START Given records

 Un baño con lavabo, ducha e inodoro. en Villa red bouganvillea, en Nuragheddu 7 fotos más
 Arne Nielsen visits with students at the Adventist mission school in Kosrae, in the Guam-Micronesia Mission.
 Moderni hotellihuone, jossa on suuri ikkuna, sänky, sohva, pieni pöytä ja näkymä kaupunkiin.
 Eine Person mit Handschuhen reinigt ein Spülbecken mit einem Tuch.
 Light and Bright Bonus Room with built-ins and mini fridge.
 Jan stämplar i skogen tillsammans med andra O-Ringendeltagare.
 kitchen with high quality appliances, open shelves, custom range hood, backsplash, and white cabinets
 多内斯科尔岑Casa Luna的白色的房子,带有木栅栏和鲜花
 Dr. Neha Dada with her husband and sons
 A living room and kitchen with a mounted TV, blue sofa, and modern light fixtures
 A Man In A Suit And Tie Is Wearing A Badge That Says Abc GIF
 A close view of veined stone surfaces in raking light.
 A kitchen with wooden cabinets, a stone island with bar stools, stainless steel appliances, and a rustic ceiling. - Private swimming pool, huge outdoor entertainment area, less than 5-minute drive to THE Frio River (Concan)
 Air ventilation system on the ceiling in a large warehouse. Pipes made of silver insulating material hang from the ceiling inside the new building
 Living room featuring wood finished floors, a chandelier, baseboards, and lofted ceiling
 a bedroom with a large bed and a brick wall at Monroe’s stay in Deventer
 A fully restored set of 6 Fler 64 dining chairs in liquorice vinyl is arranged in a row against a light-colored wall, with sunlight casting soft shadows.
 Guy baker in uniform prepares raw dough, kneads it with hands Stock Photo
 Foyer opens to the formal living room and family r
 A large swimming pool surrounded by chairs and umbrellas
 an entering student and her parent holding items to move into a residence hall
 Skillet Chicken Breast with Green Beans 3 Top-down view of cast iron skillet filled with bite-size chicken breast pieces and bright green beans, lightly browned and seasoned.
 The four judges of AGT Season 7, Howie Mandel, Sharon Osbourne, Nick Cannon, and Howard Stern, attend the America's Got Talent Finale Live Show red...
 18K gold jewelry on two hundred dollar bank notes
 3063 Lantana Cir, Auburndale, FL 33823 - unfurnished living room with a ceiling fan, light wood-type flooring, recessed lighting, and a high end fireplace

END Given records

• Aim of the task: Please find the lines in the data that contain the word "wall" and copy them.

• Response for this exercise:
 a bedroom with a large bed and a brick wall at Monroe’s stay in Deventer
 A fully restored set of 6 Fler 64 dining chairs in liquorice vinyl is arranged in a row against a light-colored wall, with sunlight casting soft shadows.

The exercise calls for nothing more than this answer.